Rhea and I have been collaborating on P. vivax research since she joined my lab about eight years ago. I remember when I first got Rhea’s CV, I contacted her former supervisor and he told me: “You’d be an absolute fool if you didn’t hire her!”

"Controlling and ultimately eliminating P. vivax malaria means tackling the hidden reservoir of parasites in the livers of people with no symptoms."

That’s where Rhea’s research comes in: based on what she’s discovered about the immune response to P. vivax, we can now use a blood test – serology – to look for the tell-tale ‘tags’ of recent infection.

If we can identify who is likely to be carrying dormant parasites in their livers, we can focus on those individuals rather than trying to treat the whole population with potentially toxic anti-malarial drugs. We call this strategy P. vivax serological-testingand-treatment (PvSeroTAT).

Our collaboration keeps evolving: Rhea is taking more ownership of the lab, and that’s how it should be. One of the great things about being a mentor is that you can hand something over and watch it grow; that’s much more fun than doing it all yourself.

We have very different skill sets, so meeting in the middle is easy. Rhea is an immunologist and vaccinologist whereas I’m fundamentally an epidemiologist and statistician. Much of my job now is finding the funding support for our research; Rhea is the brains behind the lab operation!

But what we do at WEHI is just the tip of the iceberg: although we might develop technologies and approaches, most of the work happens in the field.
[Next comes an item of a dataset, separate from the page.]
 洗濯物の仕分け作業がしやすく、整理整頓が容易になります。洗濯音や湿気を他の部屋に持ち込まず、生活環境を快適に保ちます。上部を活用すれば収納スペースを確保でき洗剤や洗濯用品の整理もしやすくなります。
That’s how you do global health research – building local capacity and confidence is the key.


I’ve worked on malaria since my Honours project at the Menzies Institute for Medical Research in Hobart, Tasmania. After that, I went to the UK to do a PhD on malaria vaccines at the Jenner Institute in Oxford.

I really loved the experience and all the work I did at Oxford, but it felt slightly odd that I was working on malaria without having ever worked in a malaria-endemic country. I was also keen to work on P. vivax, given its importance in our region, and wanted to come back to Australia eventually.

WEHI was naturally one of the places I looked to, given its reputation in malaria research. Luckily for me, Ivo saw the value in having a researcher on the ground in a collaborating lab and he facilitated an introduction to his colleagues in Thailand. 

That led to a joint postdoctoral appointment between WEHI and Mahidol University in Bangkok, where I started my research tracking people who had contracted P. vivax malaria, to look at how their antibody signatures change over time after they’re first infected. I came to Melbourne after two years in Bangkok.

"It was important to have spent that extended time in Thailand and become part of the lab family."

Until the COVID-19 pandemic, I had also been returning to Bangkok for five or six weeks each year, and that continued close collaboration has been fruitful for both research groups.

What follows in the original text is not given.